I find myself at work early, more than a little bit thrown by the fact that I haven’t eaten anything yet and I’m already here. I make my way to the cafeteria. Why Perry can’t tell me more than fifteen minutes beforehand that she doesn’t plan to show up when it was her idea in the first place and I was going to actually get decent food and now I’m stuck with crap, I have no idea. (Note to self: write angry email to Perry, delete angry email to Perry.) I head toward the coffee, staring at my phone. Old case files do nothing for either my hunger or my annoyance, but a little something for my lack of company, and I could swear there was something I was trying to find.
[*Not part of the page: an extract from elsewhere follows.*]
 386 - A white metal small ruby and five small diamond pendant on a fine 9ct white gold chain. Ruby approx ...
“Travis!” a familiar voice calls out, and I wince, expecting to see all the old team when I turn.
They aren’t there. Just Amos and Jenny (not even in costume) eating together.
“You look like you just woke up,” Jenny tells me.
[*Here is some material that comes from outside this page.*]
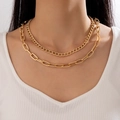 Double-layered gold chunky chain necklace with Cuban link design worn by a model - Layered Cuban Stackable Style (22740) / Gold Layered (22740)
I half-heartedly glare at her. “I did just wake up.”
“You look like you woke up on the wrong side of the insert-bizarre-noun-here, too,” she says.
Amos beckons for me to sit. “Breakfast or lunch?”
“Coffee,” I say, and drop my head onto the table.
Amos laughs. “Same old Fox.”
“Poor baby,” Jenny croons, patting my hand.
I scowl at her. “I’m just hungry and decaffeinated.”
“And dealing with all of Darren’s bullshit,” Jenny says.
“Yes, well, that’s not new,” I tell her.
Jenny gets interrupted by Amos handing me a coffee and a cinnamon roll, and handing her a smaller coffee and a slice of carrot cake. I eye it, expecting her to make some sort of joke.
“What?” she says.
“You’re not going to say something about how carrot cake surprised you or something?” I ask.
She glances down at it. “Why, is carrot cake weird?”
“You claim everything is weird, Jenny,” I say, and drain most of my coffee in one gulp.
Jenny laughs at me. “What else are you supposed to do with carrots?”
“No, this is actually a good one,” Amos says. “I’ve been convincing her we do it, too.”
“Do what?” I ask.
Amos grins at me. “Use carrots in all our desserts.”
“Is this a game?” I mutter. “I’m not awake enough for games yet. Give me an hour.”
Jenny glances between us, frowning while she tries to decide which of us is joking and how much and what about. Finally, she says, “I give up, what’s funny about carrots?”
“I don’t know,” I tell her. “What desserts does your home planet make with carrots?”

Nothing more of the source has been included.